「こっちのがもっと美味い」
山田は眉根を寄せる。
「……欠片が美味いとか庶民超越して放浪者じゃないっすか」
「黙れ。」
「金持ちの思考ってマジわかんねっすわー」
「お前の思考の方がわからねぇよ。」
山田の頭を鷲掴みにしてぐるぐる回す。
コイツのせいでここ最近俺ツッコミ役だったんだなっつーどうでもいいことに気付かされてきたけど漫才やるつもりねぇから。
山田はせんべいをバリバリ食いながら「その頭掴むのやめてもらえますかねー」と、ずいぶん白けた視線でこちらを見上げている。
コイツは“照れる・恥ずかしがる・驚く”などなどの感情を母親の腹ン中に忘れてきたんじゃねぇかとマジで思う。っつーかそうだとしか思えない。
でなけりゃせんべい食いながら「マジ離してくんないっすかね掃除できねーんすよ」とか言えるわけがねぇ。

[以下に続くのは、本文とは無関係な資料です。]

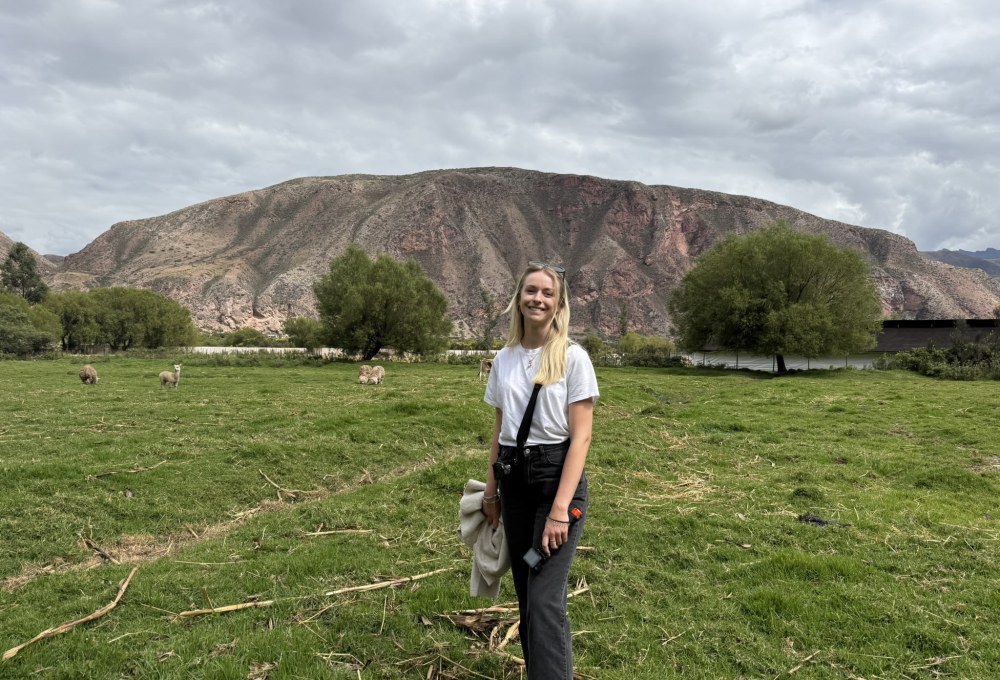 Beispiel für einen typischen Tag im Pferde Projekt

少なくとも、俺が顔を近づけて山田が食ってるせんべいの反対側を咥えたこの状況で。
「ん」
バリッ。
残り少ないせんべいを、半分割って持っていく。
唇が微かに触れた。
「……うわーなにすんすかマジでー」
山田は少なくなった残り半分をもぐもぐしながら、げんなりした表情を浮かべる。
どうやら唇が触れたことに気が付いたらしい。
「美味そうだったからつい」
「人のせんべい食ったうえにチューすんすかマジっすか信じられねーっすよ」
“チュー”と発音した時の山田に心底噛み付いてやりたかった。
ホントクセになる。コイツは自分がどれだけ可愛いか、ということを知らないからこんだけ無防備なのだ。